EXERCISE GOAL => Return each entry word for word, without its pictures.

ENTRIES SHOWN =>
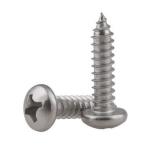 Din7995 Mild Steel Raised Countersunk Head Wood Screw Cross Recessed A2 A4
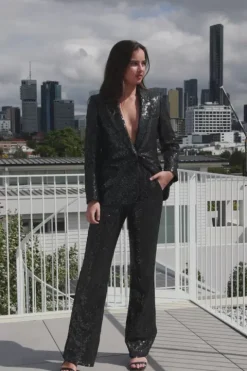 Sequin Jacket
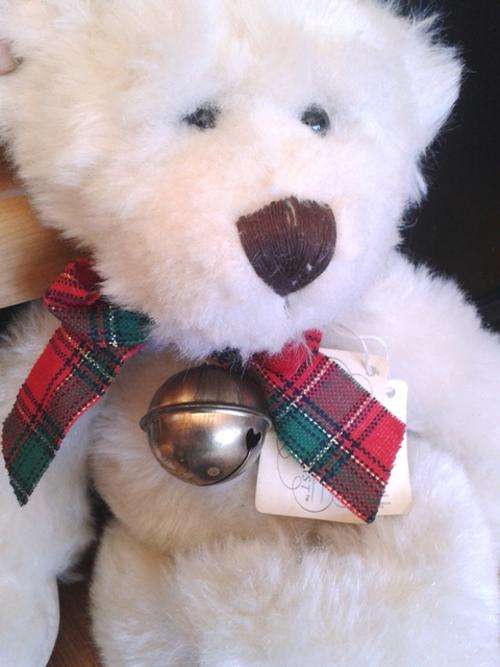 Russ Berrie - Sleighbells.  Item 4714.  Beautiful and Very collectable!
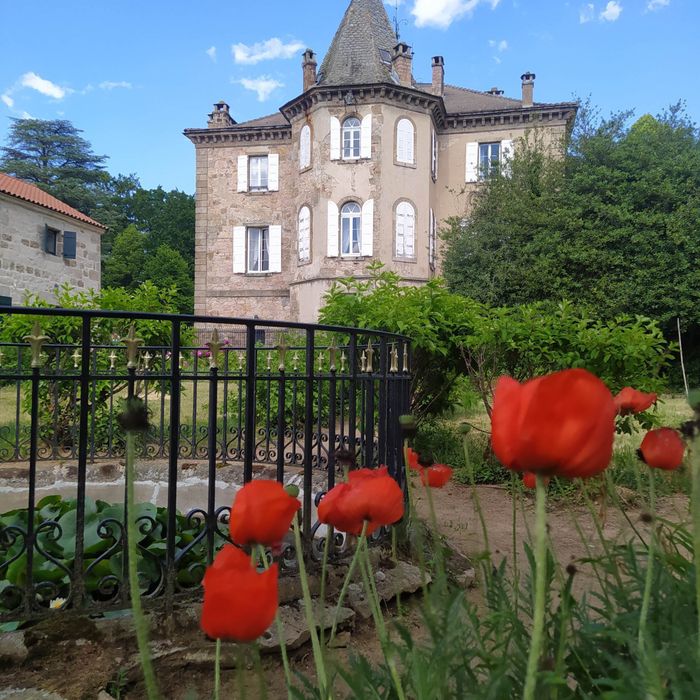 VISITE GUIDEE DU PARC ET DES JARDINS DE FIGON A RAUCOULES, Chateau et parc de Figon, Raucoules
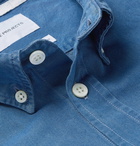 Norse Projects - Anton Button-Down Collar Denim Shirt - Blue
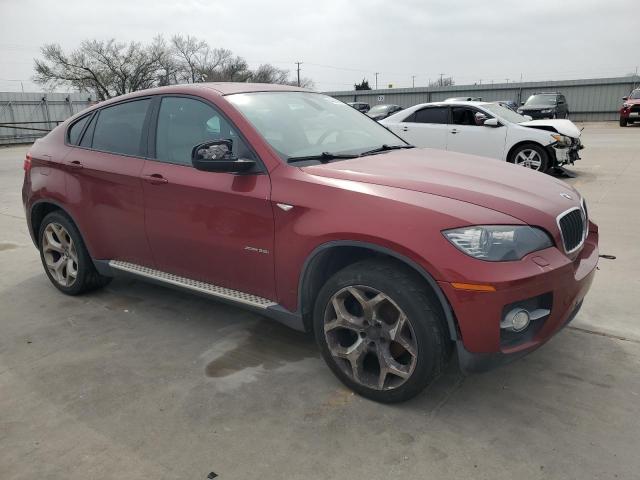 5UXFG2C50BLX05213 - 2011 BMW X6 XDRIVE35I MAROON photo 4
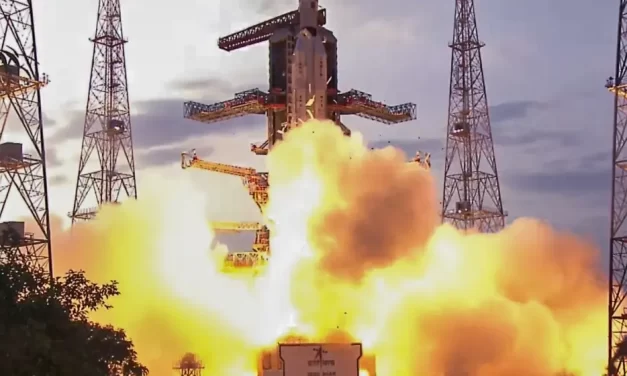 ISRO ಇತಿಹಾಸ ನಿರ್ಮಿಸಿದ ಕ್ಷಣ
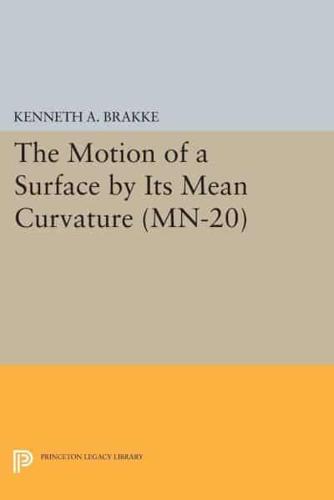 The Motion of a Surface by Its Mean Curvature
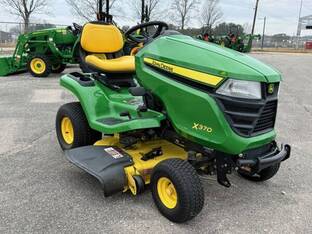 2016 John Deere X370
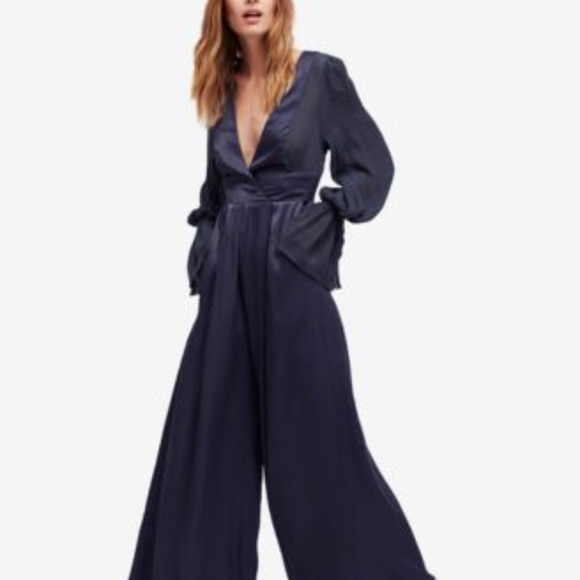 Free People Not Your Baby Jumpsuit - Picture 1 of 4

ANSWER SPACE =>
 Din7995 Mild Steel Raised Countersunk Head Wood Screw Cross Recessed A2 A4
 Sequin Jacket
 Russ Berrie - Sleighbells.  Item 4714.  Beautiful and Very collectable!
 VISITE GUIDEE DU PARC ET DES JARDINS DE FIGON A RAUCOULES, Chateau et parc de Figon, Raucoules
 Norse Projects - Anton Button-Down Collar Denim Shirt - Blue
 5UXFG2C50BLX05213 - 2011 BMW X6 XDRIVE35I MAROON photo 4
 ISRO ಇತಿಹಾಸ ನಿರ್ಮಿಸಿದ ಕ್ಷಣ
 The Motion of a Surface by Its Mean Curvature
 2016 John Deere X370
 Free People Not Your Baby Jumpsuit - Picture 1 of 4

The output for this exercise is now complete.